§ What is being asked: Repeat what the lines below say, word for word, and skip every image.
-- -- --
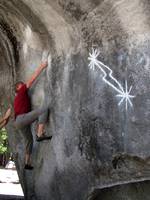 Jeff having a go at Midnight Lightning. (Category:  Rock Climbing, Tree Climbing)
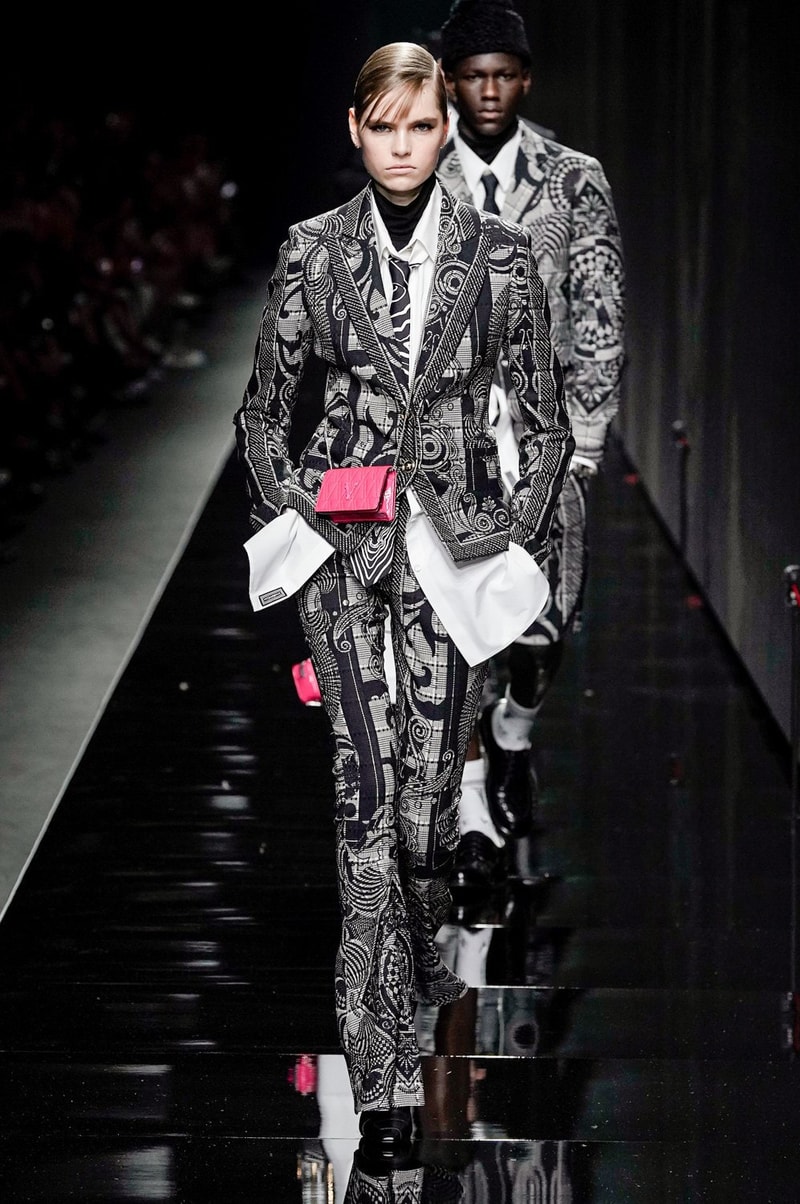 Versace Fall/Winter 2020 Collection Runway Show Zebra Stripe Jacket Pants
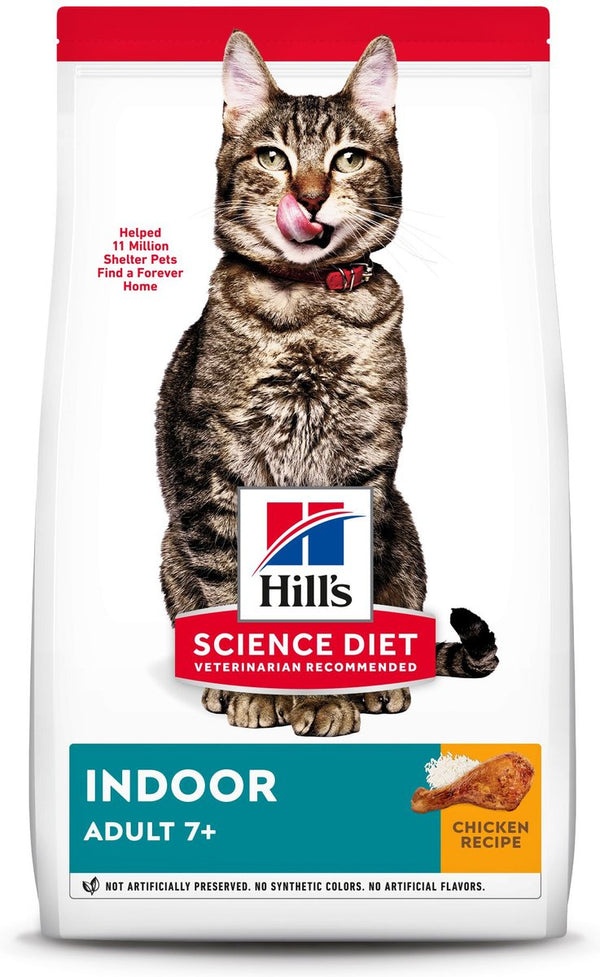 Hill's Science Diet Adult 7+ Indoor Chicken Recipe Dry Cat Food, 15.5 lbs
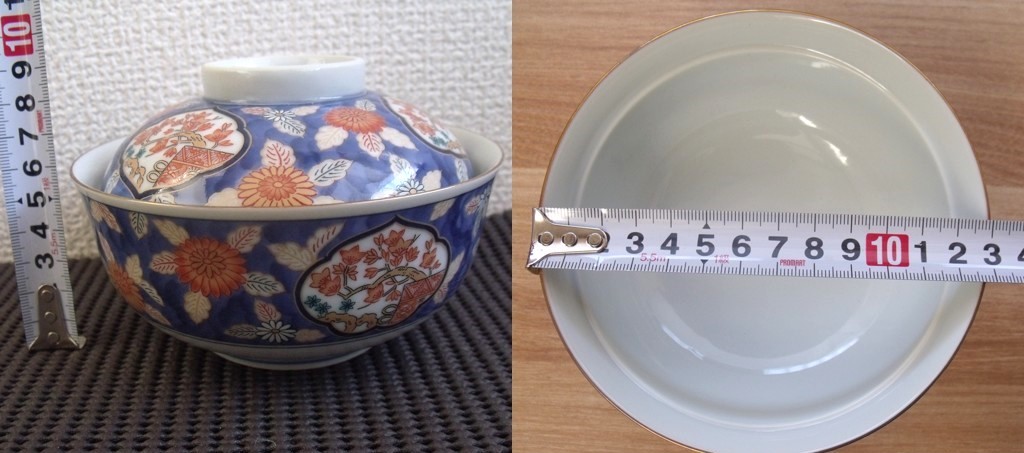 龍峰窯　金彩菊蓋物碗揃え5個　三洋陶器　どんぶり　未使用長期保管品　箱付_画像8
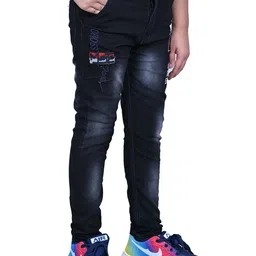 KUNDAN Boys Mildly Distressed Light Fade Stretchable Mid-Rise Jeans image 5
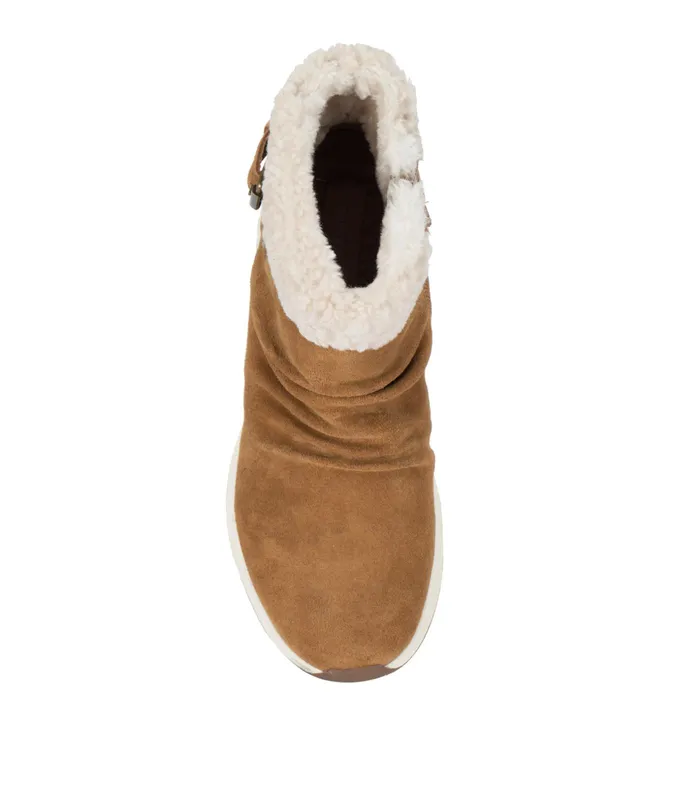 Women Baretraps Cold Weather Boots Becki Cold Weather Bootie Cognac Multi Suede
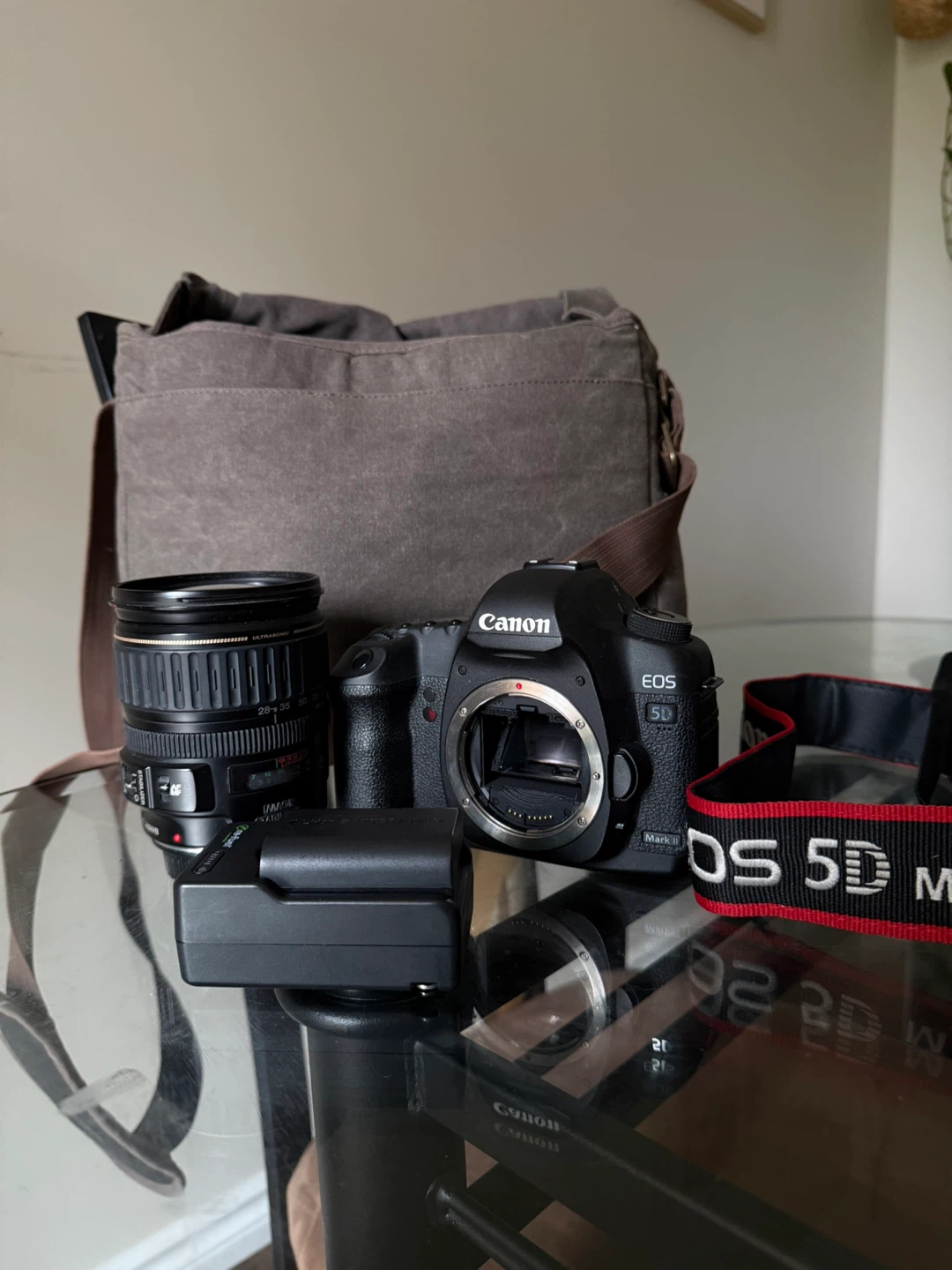 Canon EOS 5D Mark II with lenses and bag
-- -- --
§ Solution:
 Jeff having a go at Midnight Lightning. (Category:  Rock Climbing, Tree Climbing)
 Versace Fall/Winter 2020 Collection Runway Show Zebra Stripe Jacket Pants
 Hill's Science Diet Adult 7+ Indoor Chicken Recipe Dry Cat Food, 15.5 lbs
 龍峰窯　金彩菊蓋物碗揃え5個　三洋陶器　どんぶり　未使用長期保管品　箱付_画像8
 KUNDAN Boys Mildly Distressed Light Fade Stretchable Mid-Rise Jeans image 5
 Women Baretraps Cold Weather Boots Becki Cold Weather Bootie Cognac Multi Suede
 Canon EOS 5D Mark II with lenses and bag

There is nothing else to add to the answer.